Problem to work on: Output only the lines that run from the line holding "mysz-tracer-gamezone-scout-usb" to the end of the entries, both ends included, and skip the pictures.

--- START ---

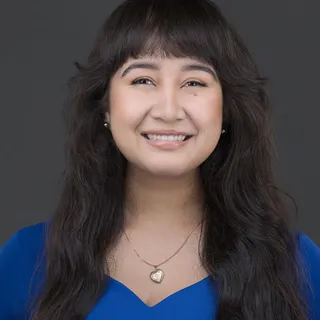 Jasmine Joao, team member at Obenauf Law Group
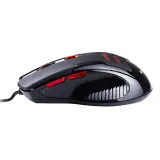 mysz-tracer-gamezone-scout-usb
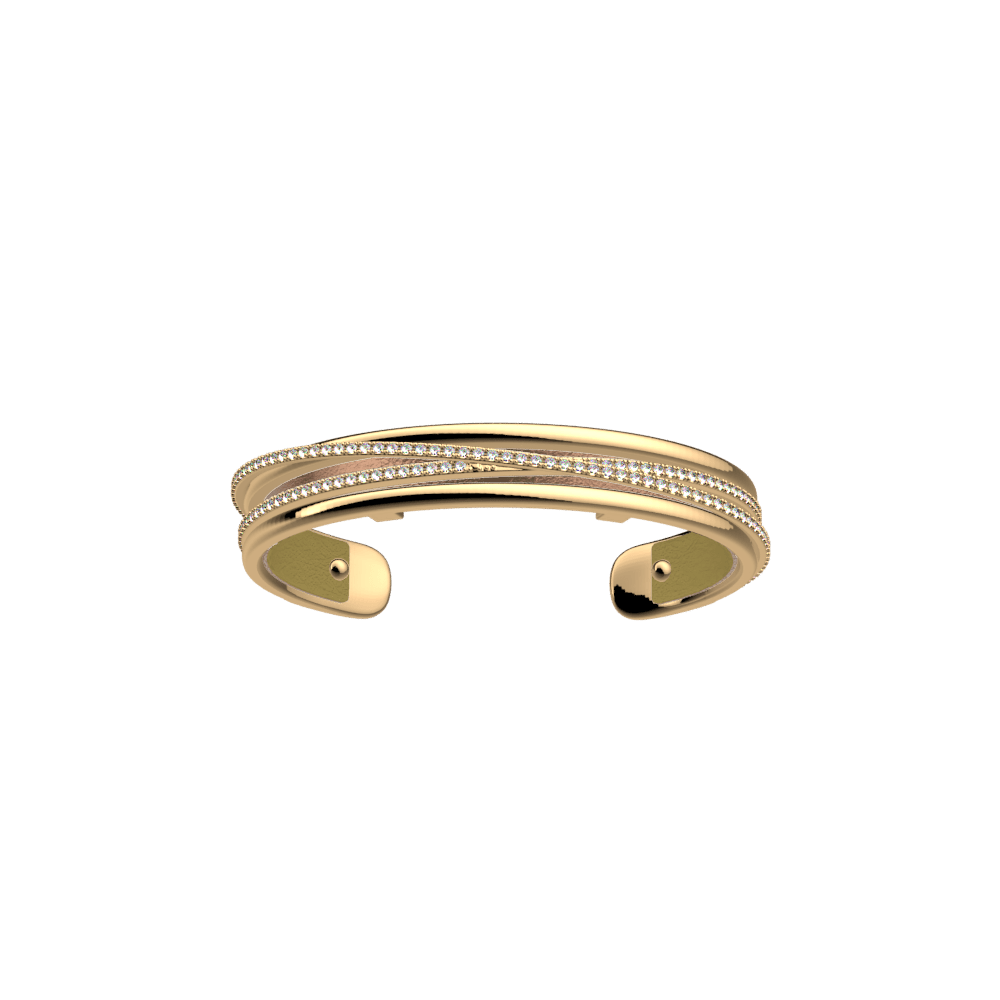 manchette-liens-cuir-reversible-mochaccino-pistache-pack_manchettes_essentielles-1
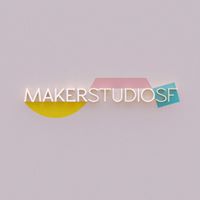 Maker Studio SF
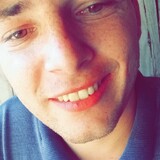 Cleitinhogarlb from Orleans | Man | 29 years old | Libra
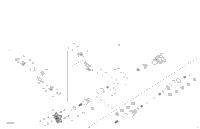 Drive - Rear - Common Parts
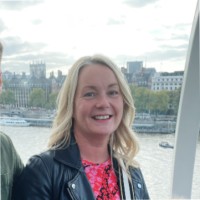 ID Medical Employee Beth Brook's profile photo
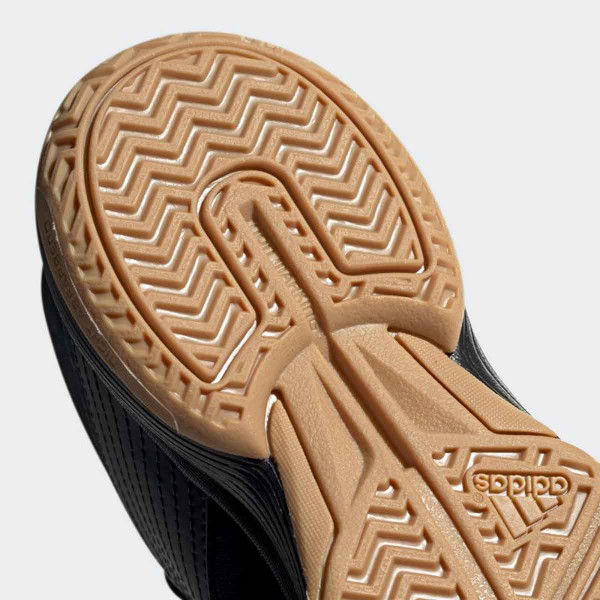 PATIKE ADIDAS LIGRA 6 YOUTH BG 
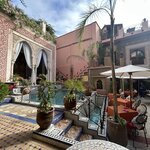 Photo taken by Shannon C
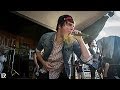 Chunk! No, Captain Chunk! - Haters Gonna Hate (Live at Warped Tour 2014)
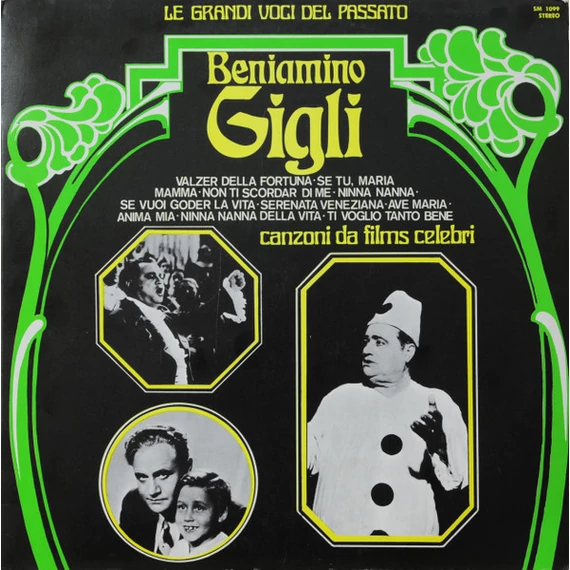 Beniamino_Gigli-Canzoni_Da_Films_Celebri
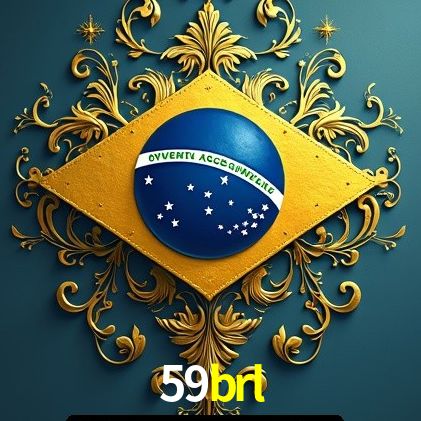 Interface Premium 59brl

--- END ---

Response area:
 mysz-tracer-gamezone-scout-usb
 manchette-liens-cuir-reversible-mochaccino-pistache-pack_manchettes_essentielles-1
 Maker Studio SF
 Cleitinhogarlb from Orleans | Man | 29 years old | Libra
 Drive - Rear - Common Parts
 ID Medical Employee Beth Brook's profile photo
 PATIKE ADIDAS LIGRA 6 YOUTH BG 
 Photo taken by Shannon C
 Chunk! No, Captain Chunk! - Haters Gonna Hate (Live at Warped Tour 2014)
 Beniamino_Gigli-Canzoni_Da_Films_Celebri
 Interface Premium 59brl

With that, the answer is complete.